For this second part of “Combining purposive sampling and k-means algorithm for qualitative research sampling”, we will commence with a hypothetical and generalizable case study, with the intention of facilitating the extrapolation of the presented guide to other specific instances. Let us consider we face the challenge of initiating qualitative research on the usage habits and usability pain points of an e-commerce platform. To be more precise, this research would entail conducting in-depth interviews and usability tests involving diverse user profiles who actively engage with our e-commerce. Given the prevalence of constrained timelines and limited resources in research endeavors, sample selection presents a crucial challenge. Specifically, the determination of both the number and characteristics of the users to be interviewed results is highly determinant. The recruitment phase can significantly impact the outcomes of our qualitative research and all the decisions derived from that. The procedure for that challenge consists of running the k-means algorithm to analyze our target populational and, then, applying researcher expertise to decide who should be interviewed to achieve theoretical saturation.

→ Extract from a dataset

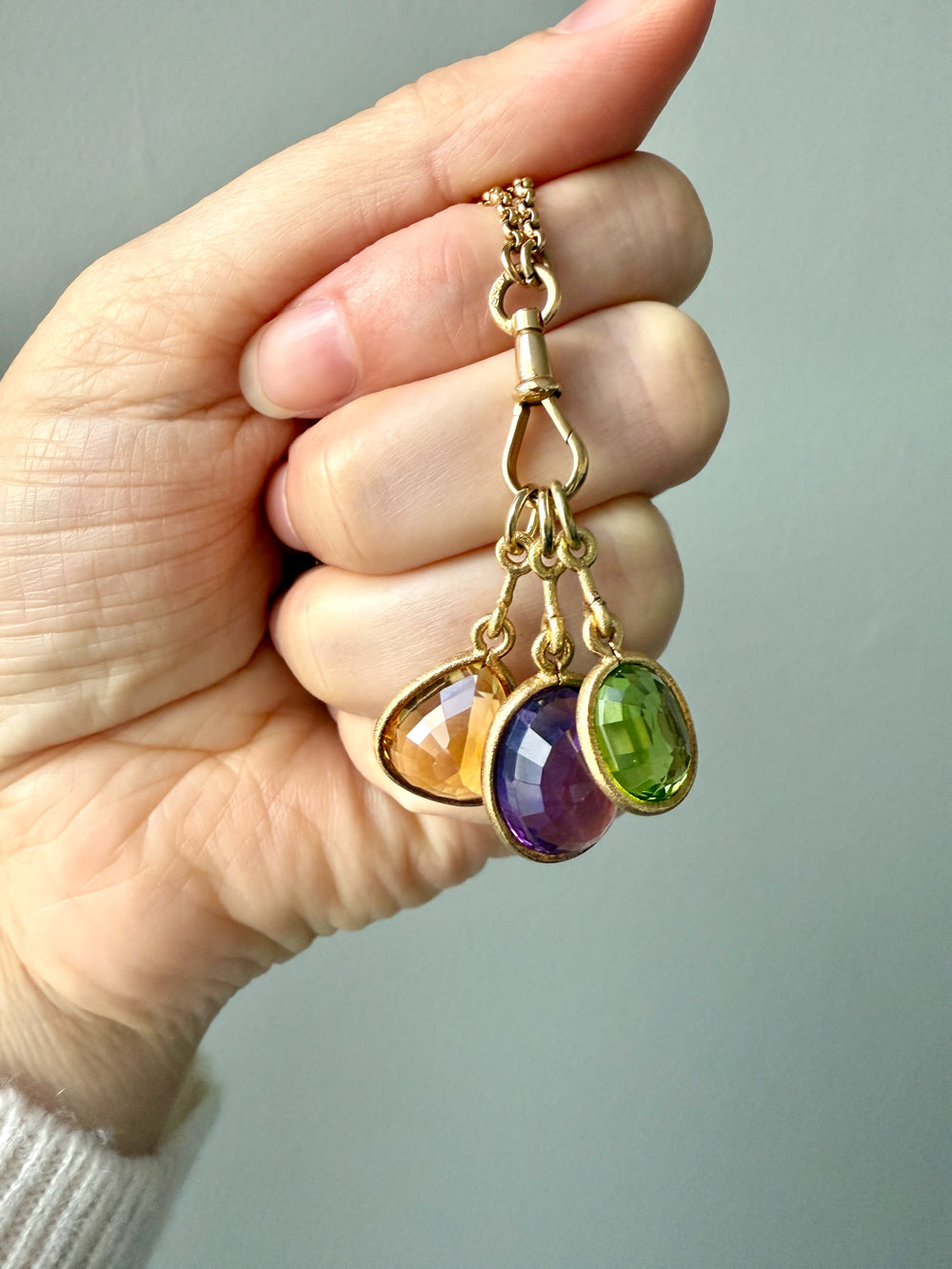 Gold necklace with multicolored gemstones held by a hand against a neutral background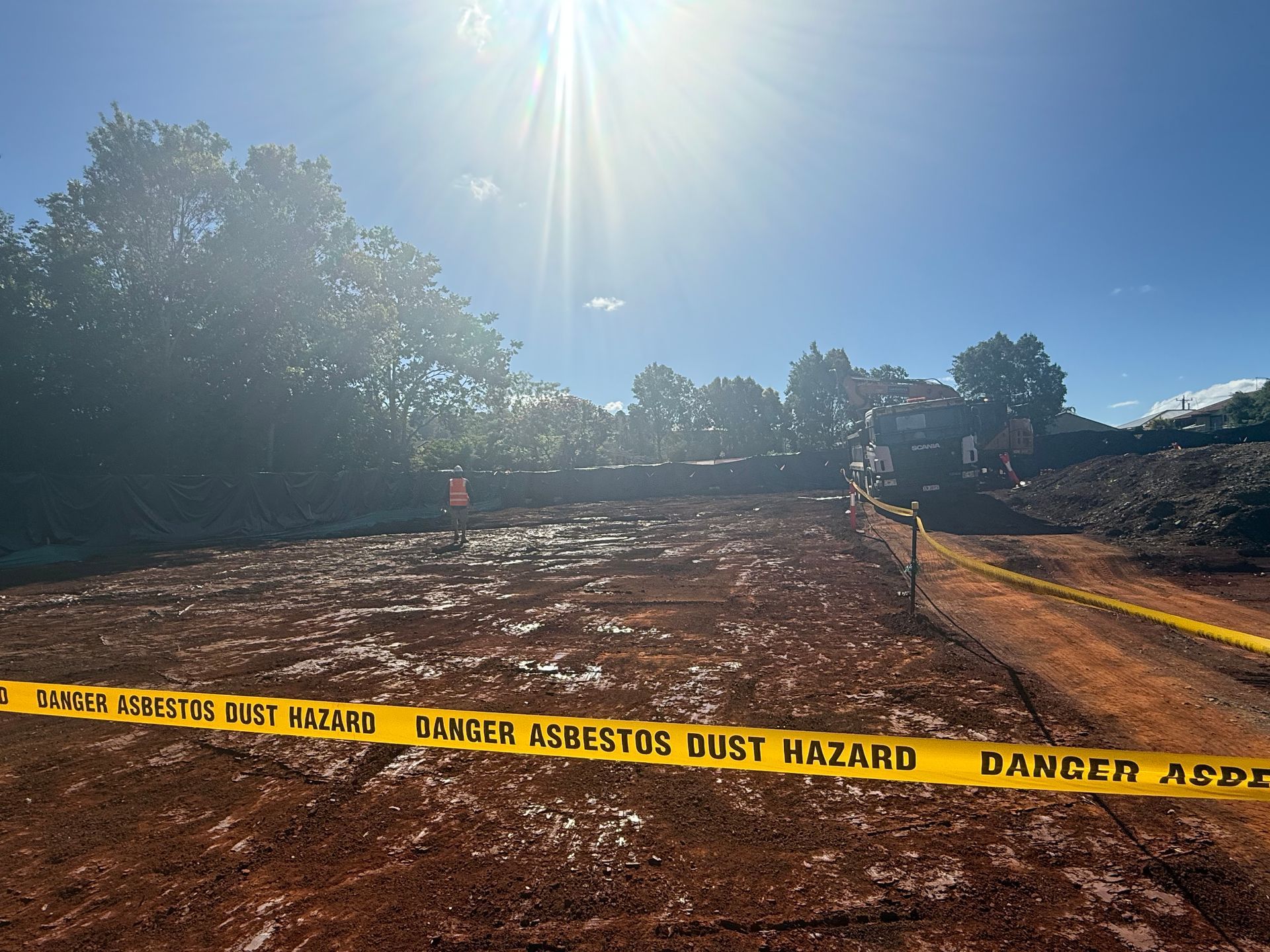 Caution Tape Around a Dirt Excavation Site — Lifestyle Demolition In Murwillumbah, NSW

The sine qua non prerequisite for the application of the k-means algorithm and, consequently, to successfully proceed with the stratified purposive sampling guide lies in the acquisition of pertinent and quality data, particularly, continuous numerical variables. It is not necessary an exhaustive dataset including the entirety of our target population. Rather, a statistically representative sample shall suffice. In any case, normally, it is not an easy exercise to get a quality and reliable dataset, it requires mixing primary and secondary data sources and, then, data cleaning. In this sense, we will operate under the assumption that our e-commerce database consists of a modest sample size of 200 users and encompasses solely four variables:
- Gender as the only categorical variable.
- Annual income in $.
- Customer Engagement Score (CES), which is a metric that assesses the level of customer engagement based on both the time users spend in the app and their expenditure.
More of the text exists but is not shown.